- [The data]:
╭──
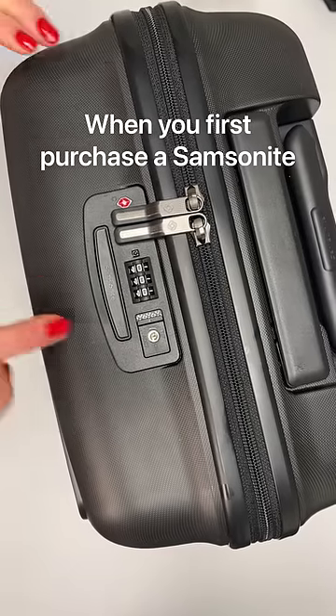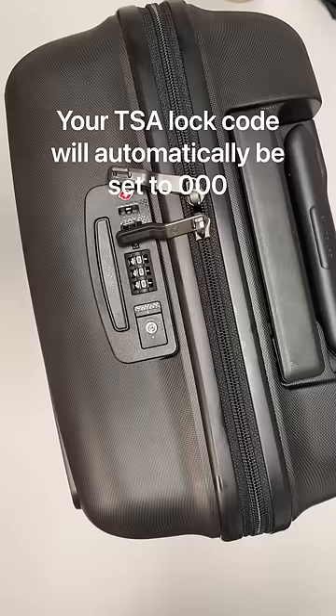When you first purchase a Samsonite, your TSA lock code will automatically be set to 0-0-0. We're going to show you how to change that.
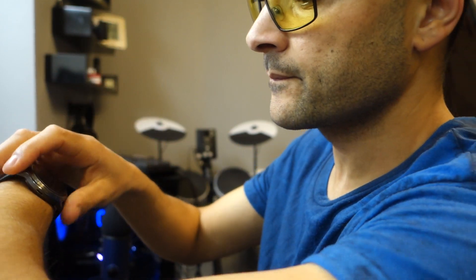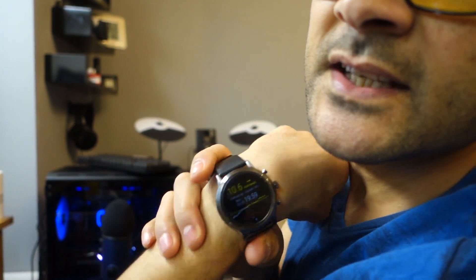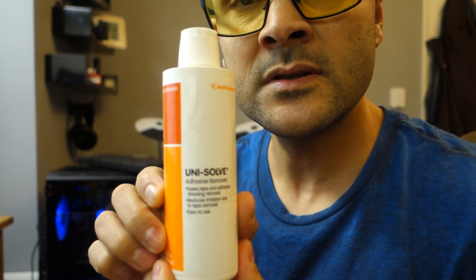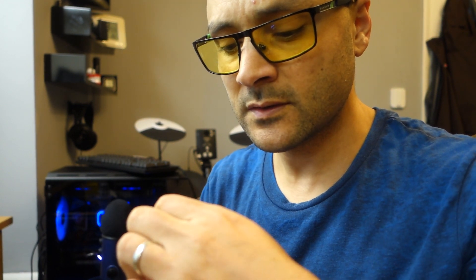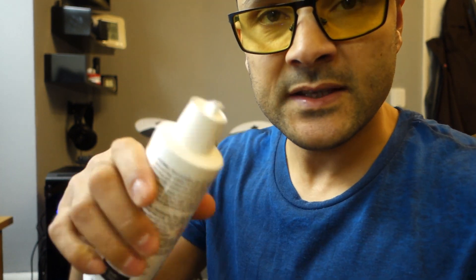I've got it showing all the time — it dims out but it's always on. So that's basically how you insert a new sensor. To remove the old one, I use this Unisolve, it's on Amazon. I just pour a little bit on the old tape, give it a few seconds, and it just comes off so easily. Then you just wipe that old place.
╰──
╭──
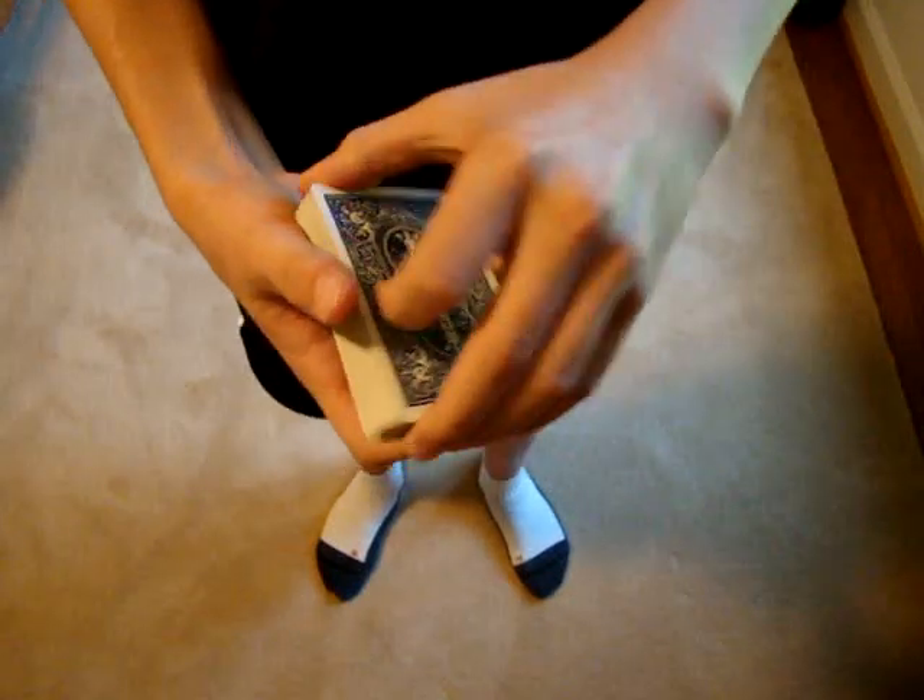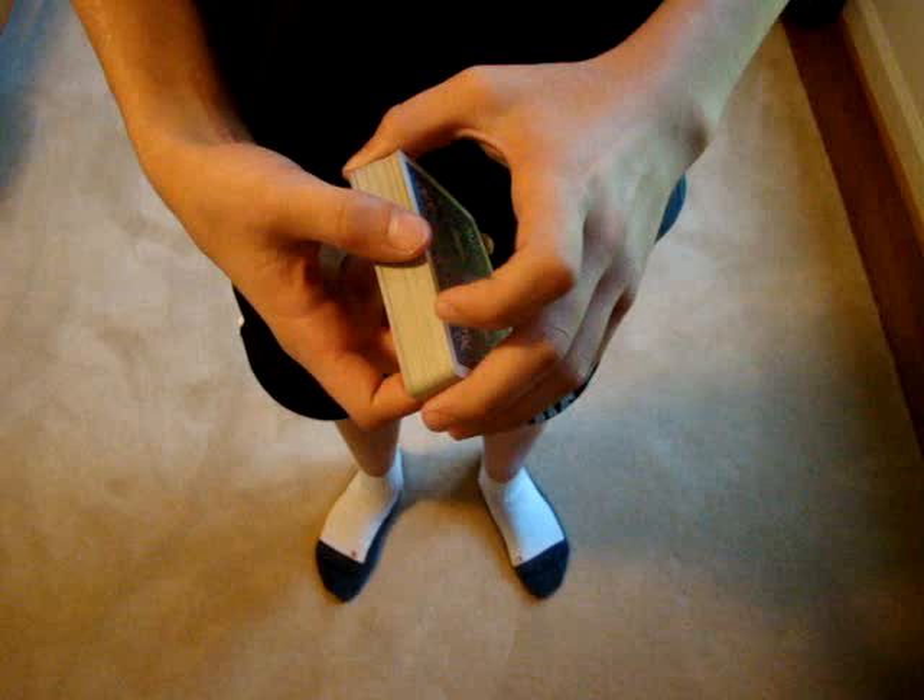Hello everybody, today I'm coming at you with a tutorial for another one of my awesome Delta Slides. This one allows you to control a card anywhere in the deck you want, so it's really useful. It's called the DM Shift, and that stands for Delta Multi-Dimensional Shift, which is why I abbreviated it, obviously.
╰──
- [What you will do]:
Line for line, output the entries above from the line with "When you first" to the line with "I've got it", both included, and nothing more. Skip pictures.

- [Answer to the exercise]:
When you first purchase a Samsonite, your TSA lock code will automatically be set to 0-0-0. We're going to show you how to change that.
I've got it showing all the time — it dims out but it's always on. So that's basically how you insert a new sensor. To remove the old one, I use this Unisolve, it's on Amazon. I just pour a little bit on the old tape, give it a few seconds, and it just comes off so easily. Then you just wipe that old place.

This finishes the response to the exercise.